DATA LISTING:
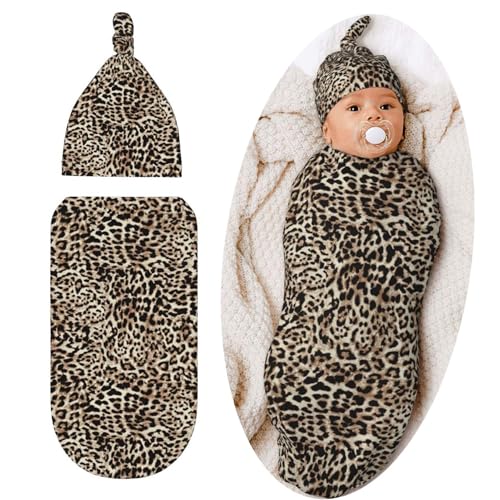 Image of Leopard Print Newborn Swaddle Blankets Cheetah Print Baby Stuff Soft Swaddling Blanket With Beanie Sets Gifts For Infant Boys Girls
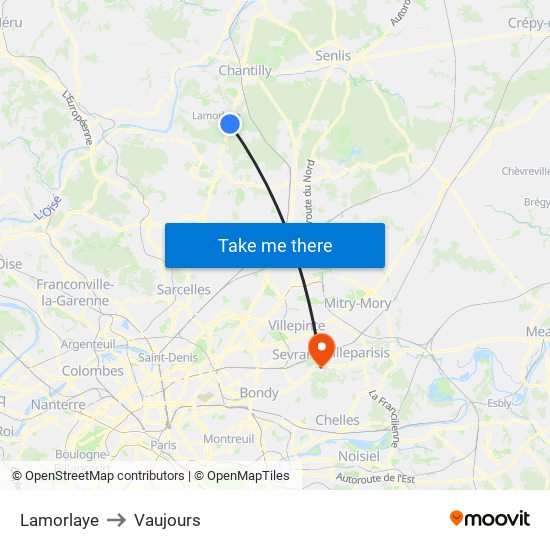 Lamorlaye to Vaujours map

---

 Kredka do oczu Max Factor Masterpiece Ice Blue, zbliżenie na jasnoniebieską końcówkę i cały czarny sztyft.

---

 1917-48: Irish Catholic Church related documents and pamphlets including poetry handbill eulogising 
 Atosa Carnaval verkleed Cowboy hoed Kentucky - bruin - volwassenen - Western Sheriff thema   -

WHAT YOU WILL DO:
Everything above from the line that has "Image of Leopard" down to the line that has "Lamorlaye to Vaujours map" should be output exactly, with both of those lines included. Leave the pictures behind.

ANSWER SECTION:
 Image of Leopard Print Newborn Swaddle Blankets Cheetah Print Baby Stuff Soft Swaddling Blanket With Beanie Sets Gifts For Infant Boys Girls
 Lamorlaye to Vaujours map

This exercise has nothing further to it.